Yesterday was my husband’s birthday. I had told myself from the start that if I wished to have cake on his birthday, I could. I baked the cake, made the frosting, frosted the cake, cut the cake, served the cake, and…didn’t eat the cake.
Don’t get me wrong – I indulged in junk food yesterday on his birthday. I ate a McD’s egg and cheese biscuit for breakfast, had a can of Pringles for lunch (yes, you read that right), and ate a hamburger with fries when we went out for dinner. Score yesterday: Vegetables, 0, Junk Food 50 billion.
But I didn’t eat the cake. It was a decision I made on my own. I just didn’t want to risk it. The dang thing smelled absolutely delicious – and that’s what worried me. Could I really eat just ONE piece of cake and not touch it again? I doubted it.

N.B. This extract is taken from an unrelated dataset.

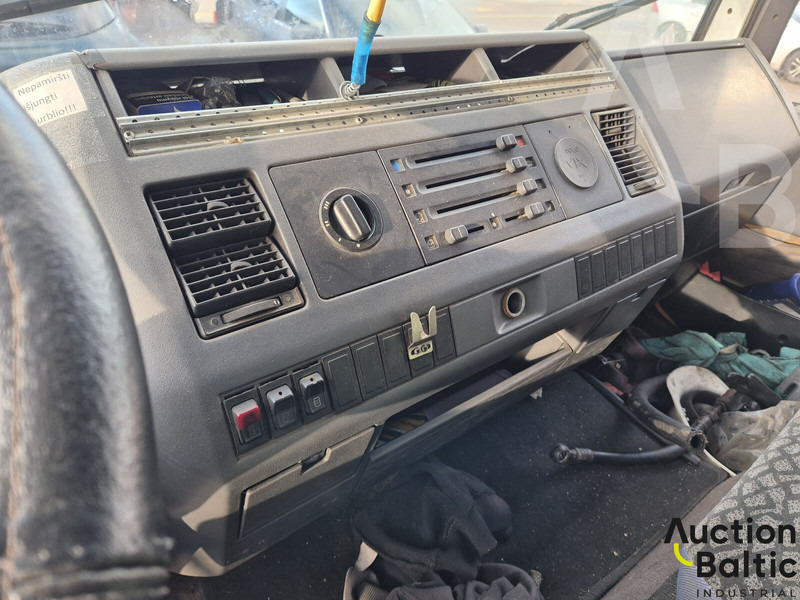 Vontató MAN 10.153: 9 kép. Vontató MAN 10.153: 9 kép.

The most wonderful thing about NOT eating that cake is I didn’t even do it just to stay true to this bet with myself, to this sugar-free dare. I did it because I honestly feel better not eating the sugared things. I feel more even-keeled (please note the MORE; my family would agree I’m still, um, a bit on the moody side), more in control, and just better about myself when I’m not in the clutches of the Sugar Devil.

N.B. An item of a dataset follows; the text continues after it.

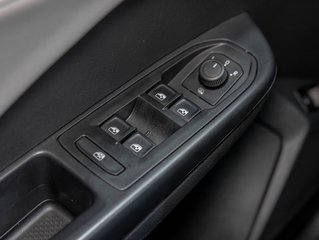Volkswagen Taos  2024 à St-Jérôme, Québec - 24 - w320h240px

Still, this is not easy. Today I made cornbread from a mix – a mix I bought without checking the ingredients, apparently, as just as I was about to indulge in a piece, I looked at the box and discovered, to my chagrin, that sugar was the second ingredient, and that there were double-digit grams of sugar per (puny) serving. The cornbread was out.
Between that and the cake yesterday, my willpower is feeling quite low, and the sense of deprivation is clawing at my belly today. So it’s possible, it’s possible I might order a pizza tonight.
Y’all can give me grace on that, right? Because I didn’t eat the blasted cake, and part of me really, really wanted to.